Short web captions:
^^^^

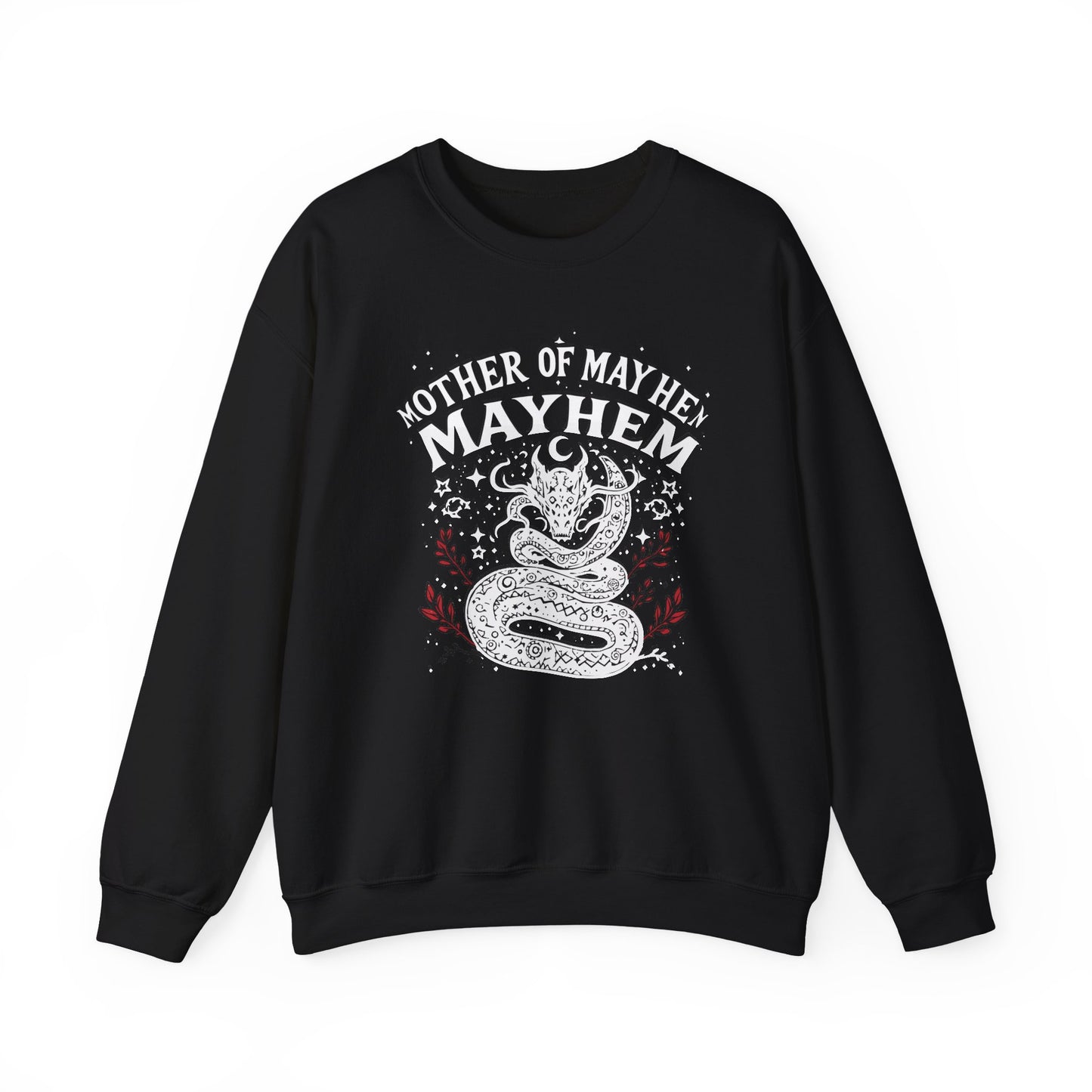 Mother of Mayhem Sweatshirt | Punk Mom Gift | Grunge Alternative Wife Tee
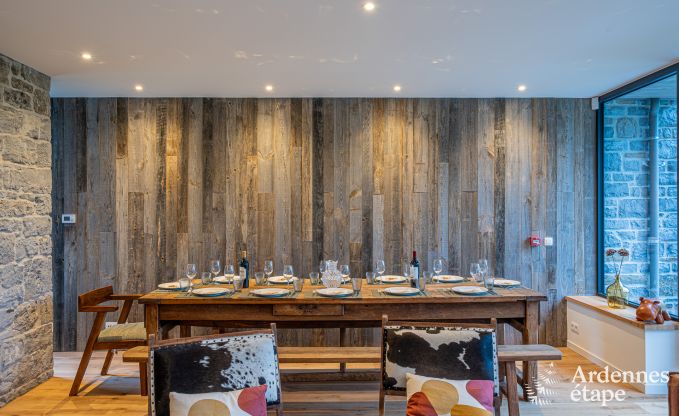 Luxe villa voor 14 personen in Havelange met priv�tuin en moderne voorzieningen in de Ardennen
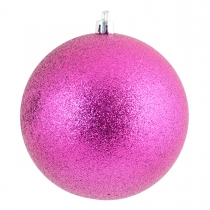 Шар Yes! Fun d - 10 см, фиолетовый глиттер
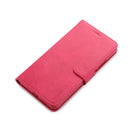 For Huawei Mate 10 Pro LC.IMEEKE Calf Texture Horizontal Flip Leather Case, with Holder & Card Slots & Wallet(Rose Red)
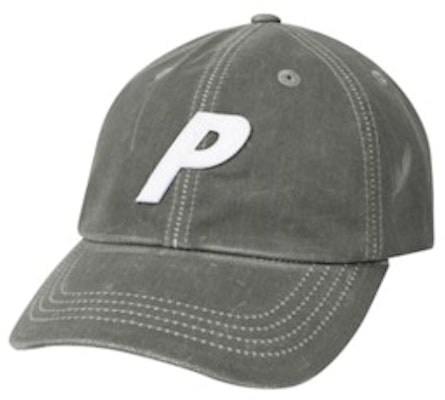Palace Reacto P 6-Panel Black Buy Palace Reacto P 6-Panel Black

^^^^

PROBLEM.
No pictures belong in the answer. It must repeat exactly the lines from the line with "Luxe villa voor" through the final line of the records.

WRITTEN SOLUTION.
 Luxe villa voor 14 personen in Havelange met priv�tuin en moderne voorzieningen in de Ardennen
 Шар Yes! Fun d - 10 см, фиолетовый глиттер
 For Huawei Mate 10 Pro LC.IMEEKE Calf Texture Horizontal Flip Leather Case, with Holder & Card Slots & Wallet(Rose Red)
Palace Reacto P 6-Panel Black Buy Palace Reacto P 6-Panel Black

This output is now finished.